▶ _YOUR OBJECTIVE_
What you return should match every record exactly, with the images removed.
--------------------------------
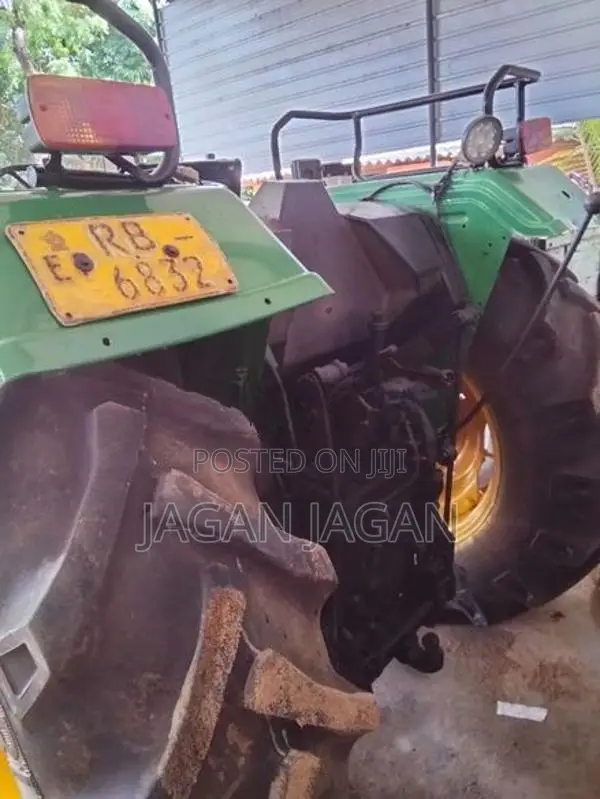 John Deere 5310 2009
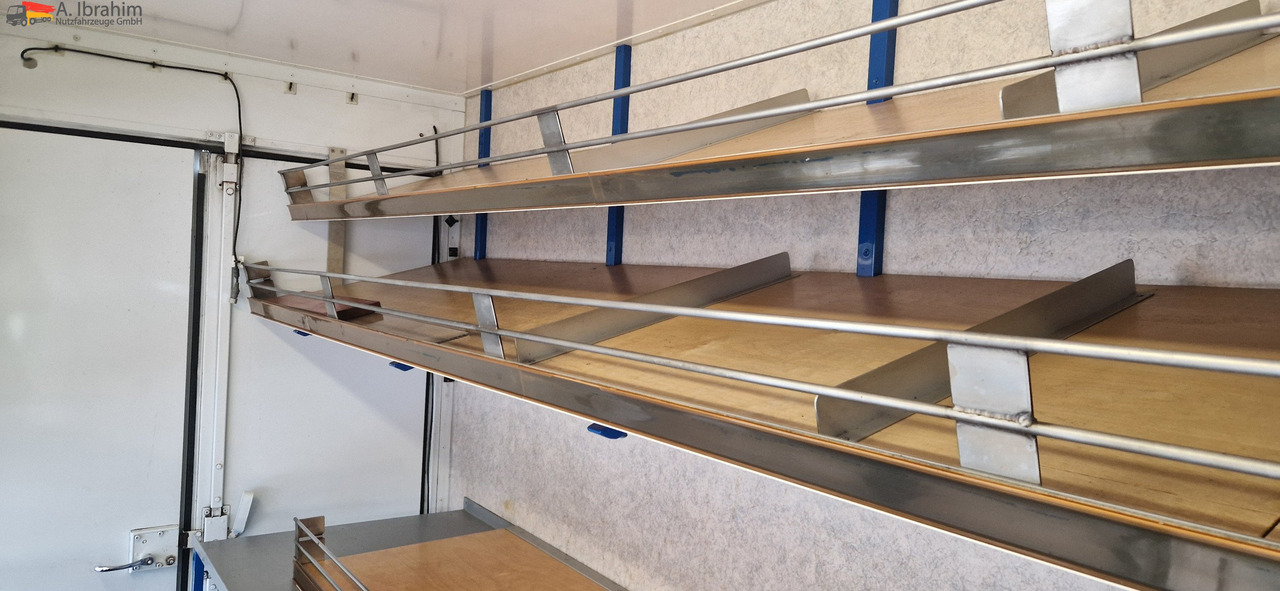 Mercedes-Benz 413 CDI Tiefkühlfächer, autom. Verkaufsklappe Basis ist ok - Hladilno vozilo: slika 4 Mercedes-Benz 413 CDI Tiefkühlfächer, autom. Verkaufsklappe Basis ist ok - Hladilno vozilo: slika 4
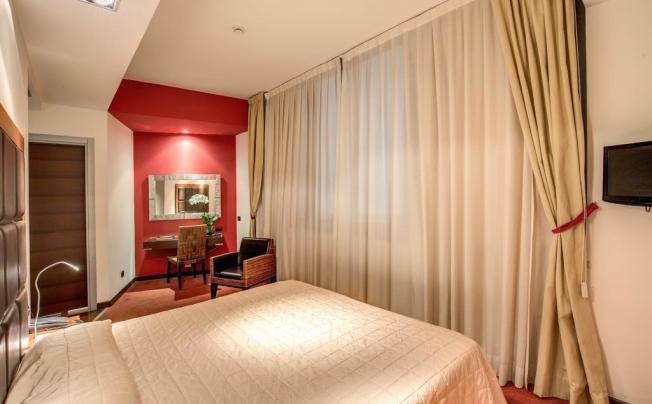 Фото отеля Athenaeum Personal Hotel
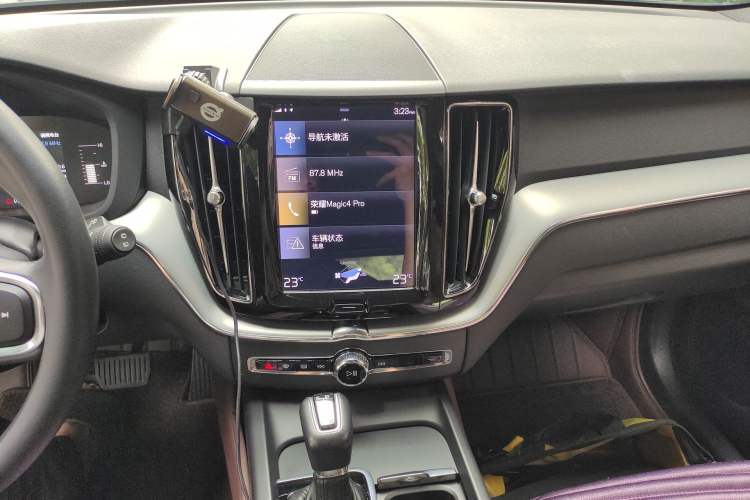 Used Volvo XC60 2021 T5 4x4 Smart Luxury Edition Audio And AC Panel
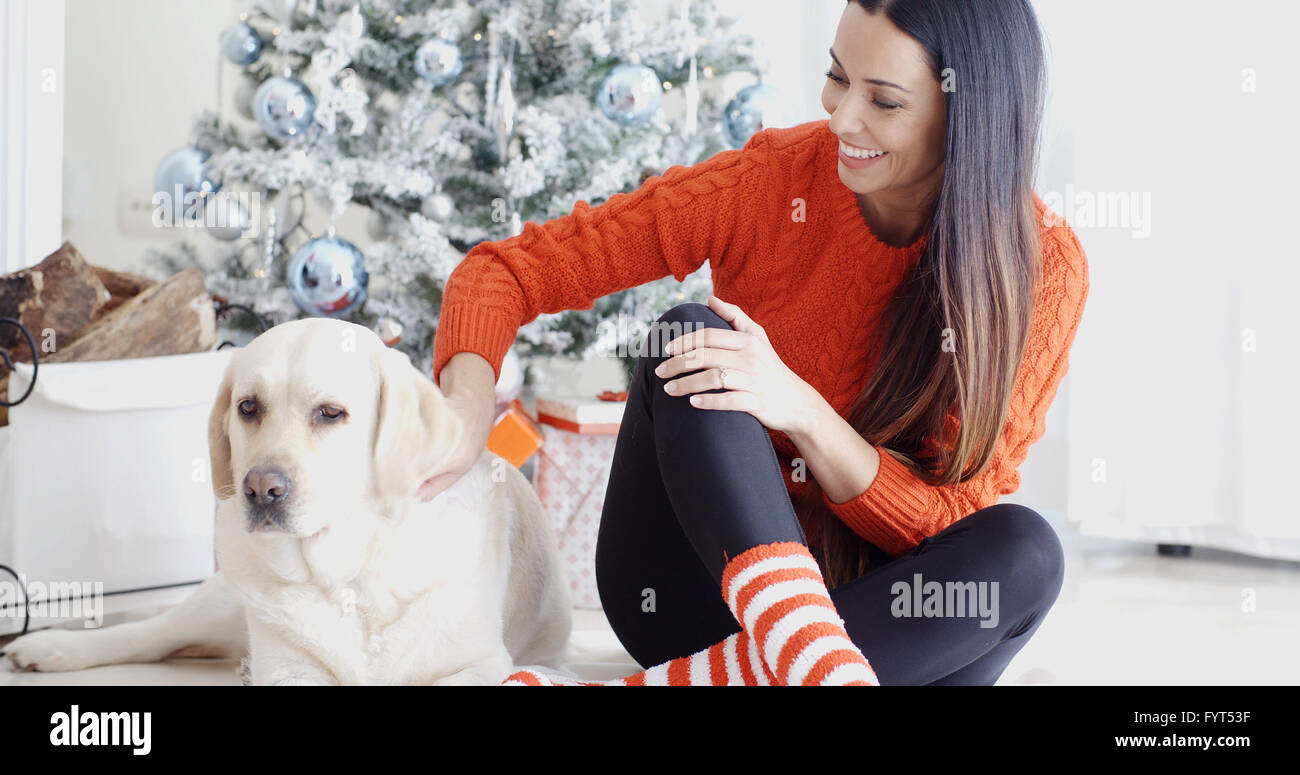 Rire jeune femme avec son chien à Noël Banque D'Images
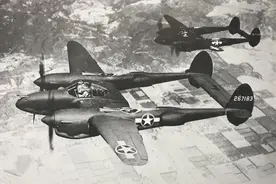 小王子和圣埃克苏佩里的梦幻飞机，美国P-38(F-4/F-5)高空侦察机图片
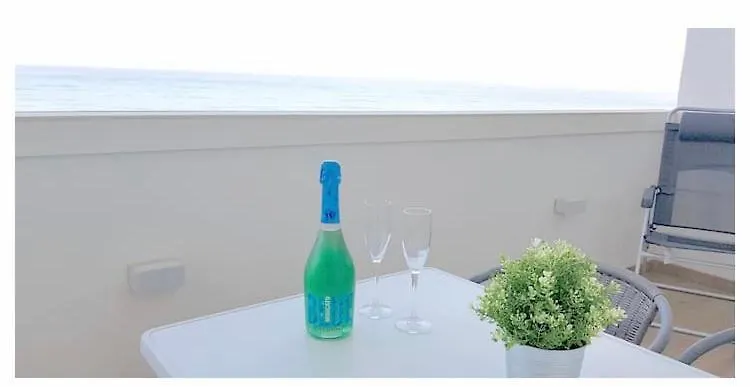 La Perla Playa Apartamento A Estrenar Benalmádena Spanien
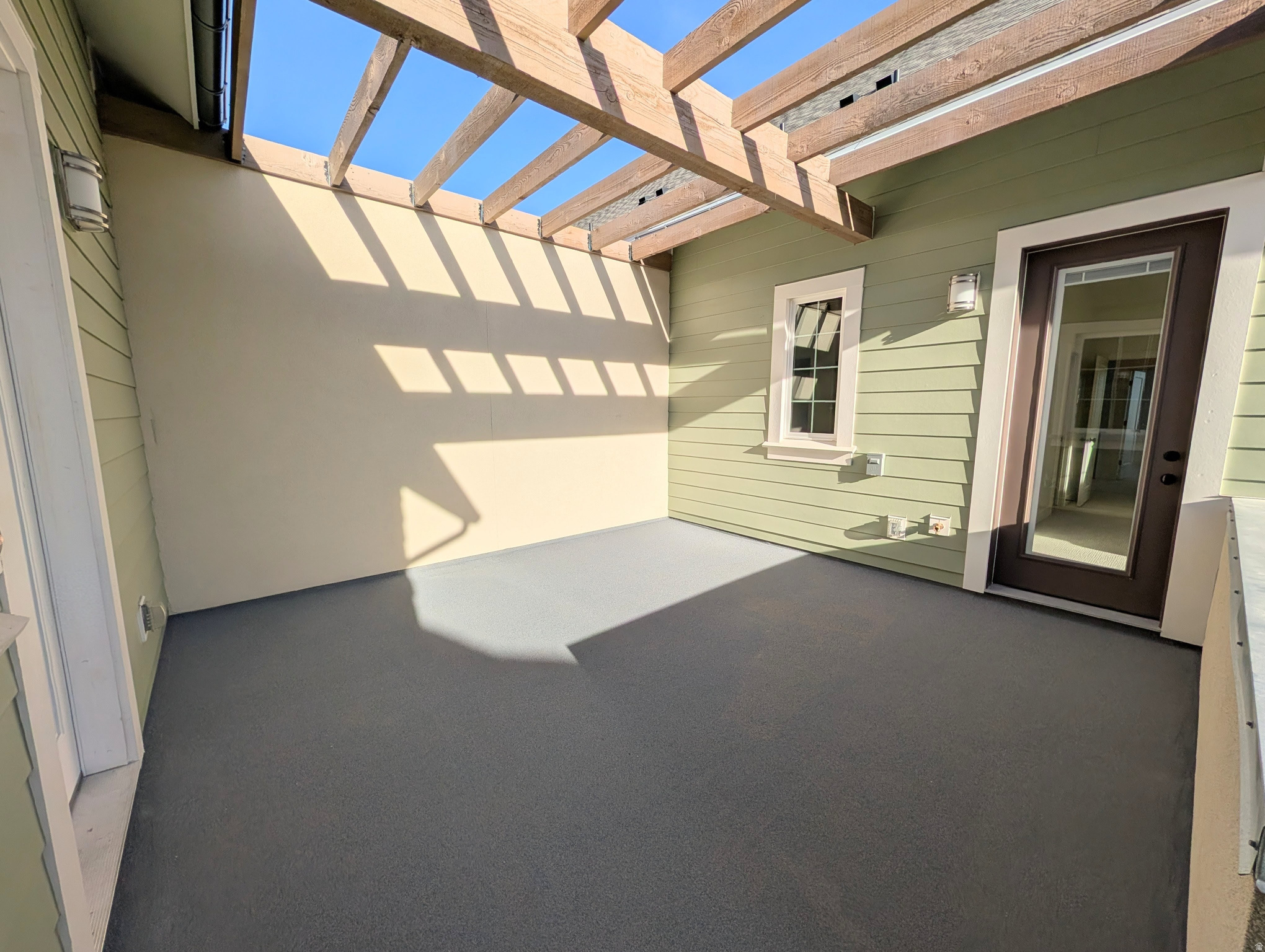 DAYBREAK - Residential Income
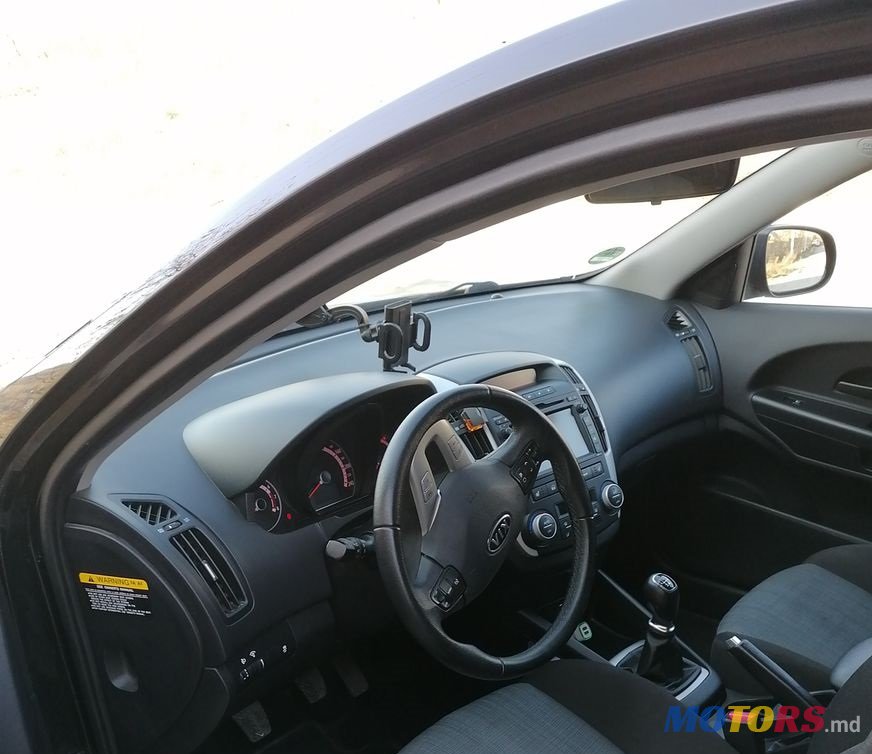 2012' Kia Ceed photo #6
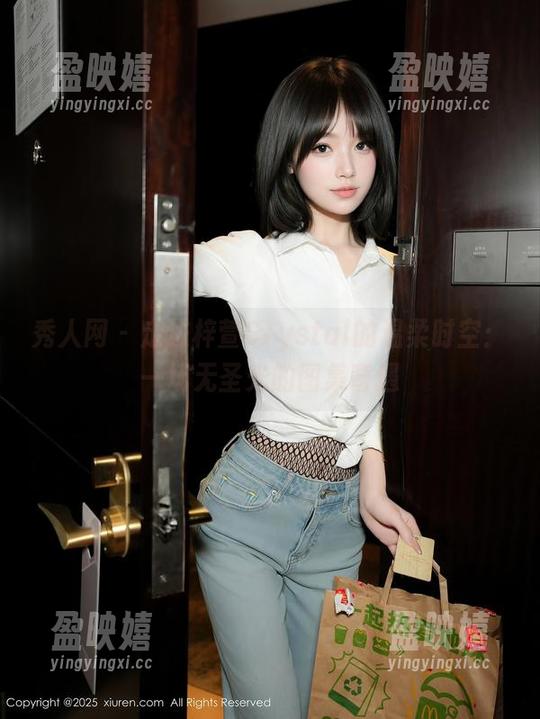 秀人网 - 走进梓萱Crystal的温柔时空：一场无圣光的图集奇遇
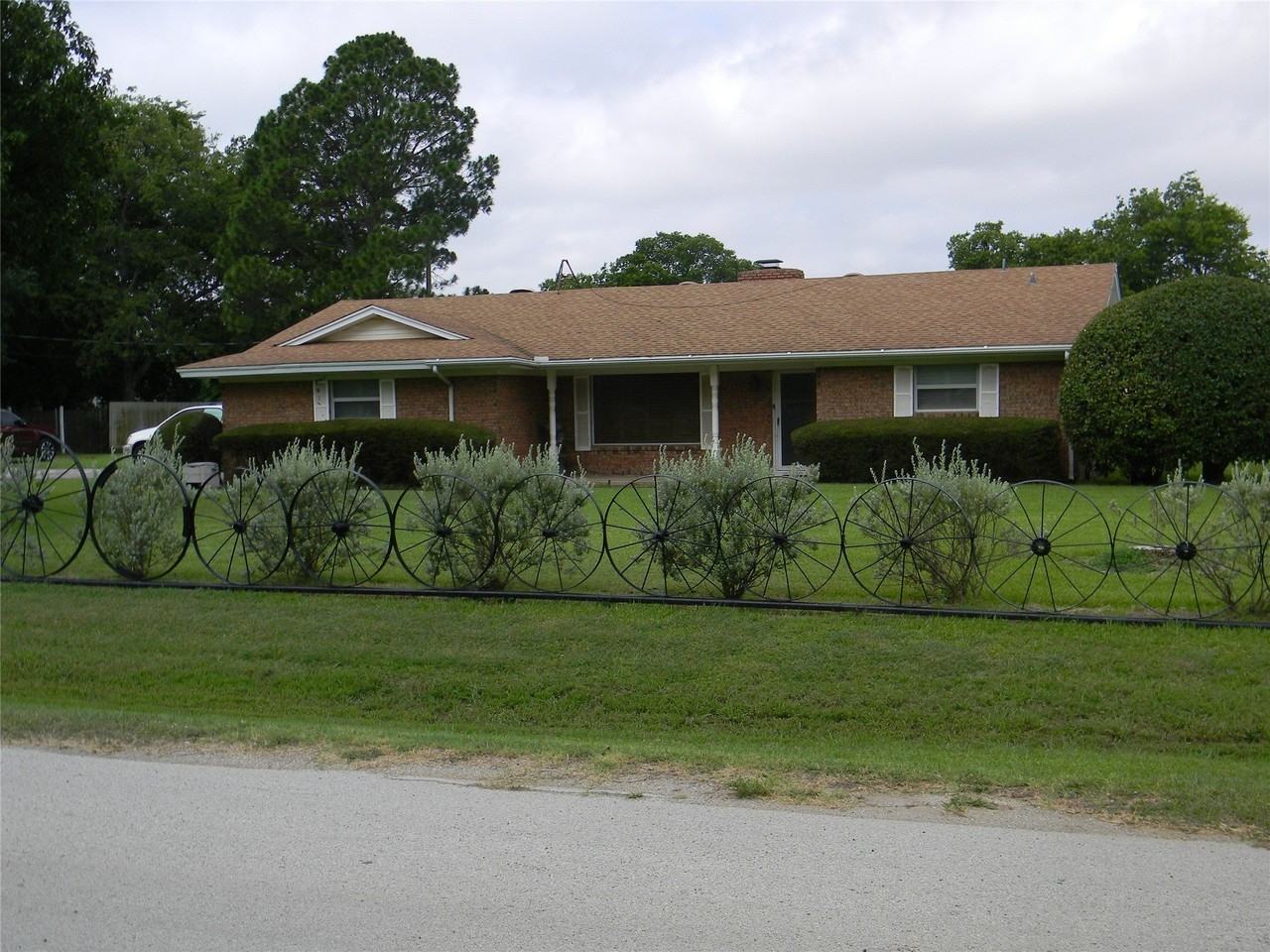 7400 Ball Rd - Photo 2 of 17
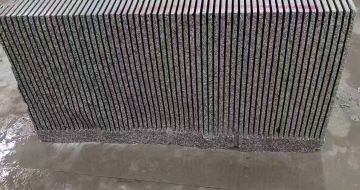 台州芝麻白毛板荒料切割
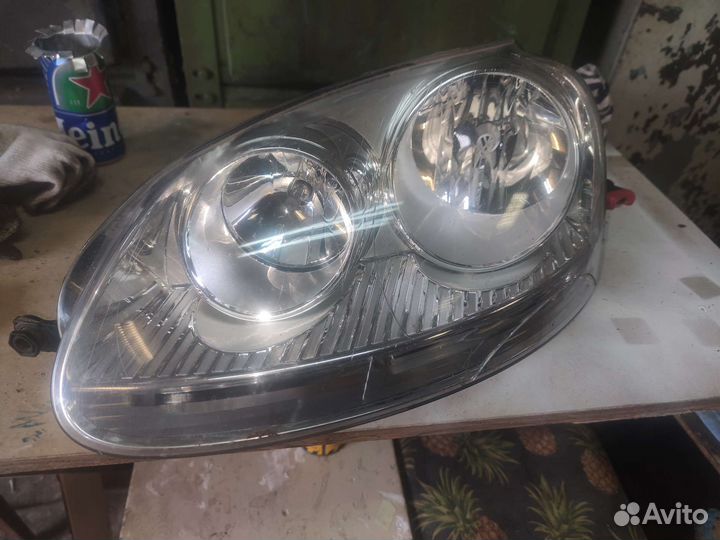 Фара левая vw jetta golf 5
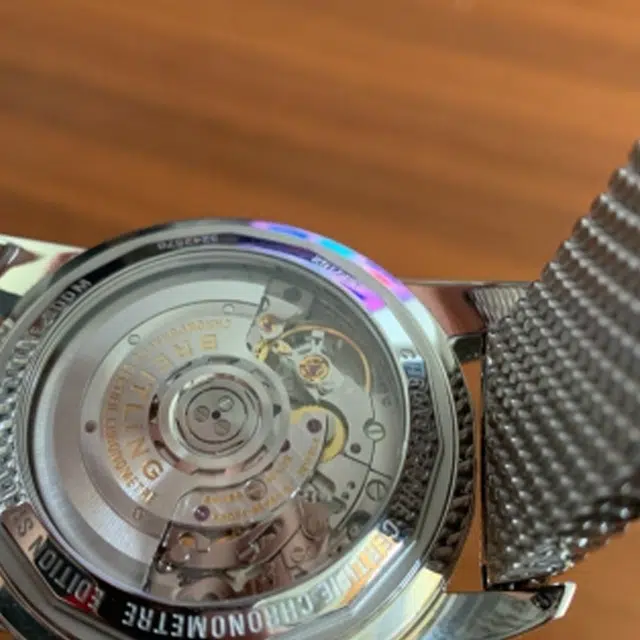 BREITLING 200 44mm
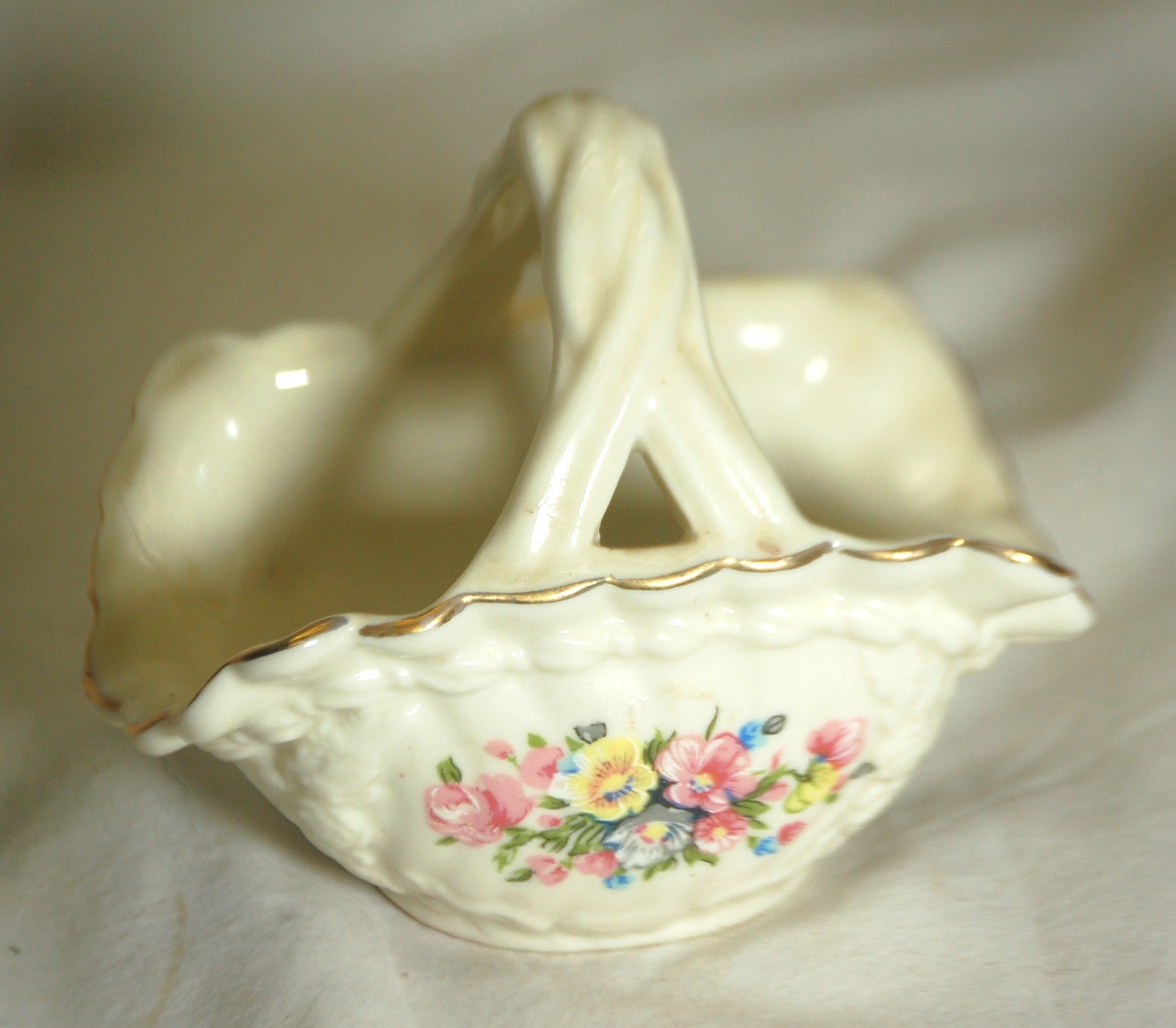 Miniature Ceramic Basket Gold Trim Floral Pattern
--------------------------------
▶ _WRITTEN RESPONSE_
 John Deere 5310 2009
 Mercedes-Benz 413 CDI Tiefkühlfächer, autom. Verkaufsklappe Basis ist ok - Hladilno vozilo: slika 4 Mercedes-Benz 413 CDI Tiefkühlfächer, autom. Verkaufsklappe Basis ist ok - Hladilno vozilo: slika 4
 Фото отеля Athenaeum Personal Hotel
 Used Volvo XC60 2021 T5 4x4 Smart Luxury Edition Audio And AC Panel
 Rire jeune femme avec son chien à Noël Banque D'Images
 小王子和圣埃克苏佩里的梦幻飞机，美国P-38(F-4/F-5)高空侦察机图片
 La Perla Playa Apartamento A Estrenar Benalmádena Spanien
 DAYBREAK - Residential Income
 2012' Kia Ceed photo #6
 秀人网 - 走进梓萱Crystal的温柔时空：一场无圣光的图集奇遇
 7400 Ball Rd - Photo 2 of 17
 台州芝麻白毛板荒料切割
 Фара левая vw jetta golf 5
 BREITLING 200 44mm
 Miniature Ceramic Basket Gold Trim Floral Pattern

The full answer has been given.